He gave me a pained look. “No, man, I’m talking about real gin. I need it. I’m tapering the monkey off my back. Okay?”
I nodded. He grabbed a passing waiter and ordered a double gin, no ice.
‘Tm looking for Nimmo Fern,” I told him. “Mrs. Archer says you are, too.”
“I was. No more.”
“You found him?”
“Uh-uh. He ain’t been around. For which praise Allah. I owe him some loot. I had it when I called Mrs. Archer. Hour later I got cleaned in a craps game. Now I couldn’t pay him dime one.”
His drink arrived. He gulped it like water.
“Think Nimmo’ll be sore about your not being able to pay?” I asked him.

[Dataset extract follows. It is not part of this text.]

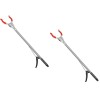 IIT TWO! ALL METAL 36" Trash Picker Waste Pick Grabber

“I ain’t looking forward, I’ll tell you true. He’s got that mean look, you know?”
“I owe him too,” I said. “Got any idea where I can find him?”
“Who can ever find Nimmo? He finds you, like. That’s why they call him Nimmo. Most of the time, he ain’t.”
I asked if he knew anybody named Catleg. He said he didn’t.
A big, tuxedoed man whose pale round face and bald skull had never been subjected to a drop of the famed Miami sun drifted to our table and smiled down at us benignly. “Good to see you again, Mrs. Archer. Been a while.”
“Hello, Mr. Floring,” Anne said. “Can you join us for a minute?”
Floring’s smile widened. “My pleasure.” He flicked a look at Seth that would have chopped down a tree. Seth got up hastily, mumbled, “Time for the next number,” and vanished. Floring sat in the vacated chair and gave me a pleasant, curious smile.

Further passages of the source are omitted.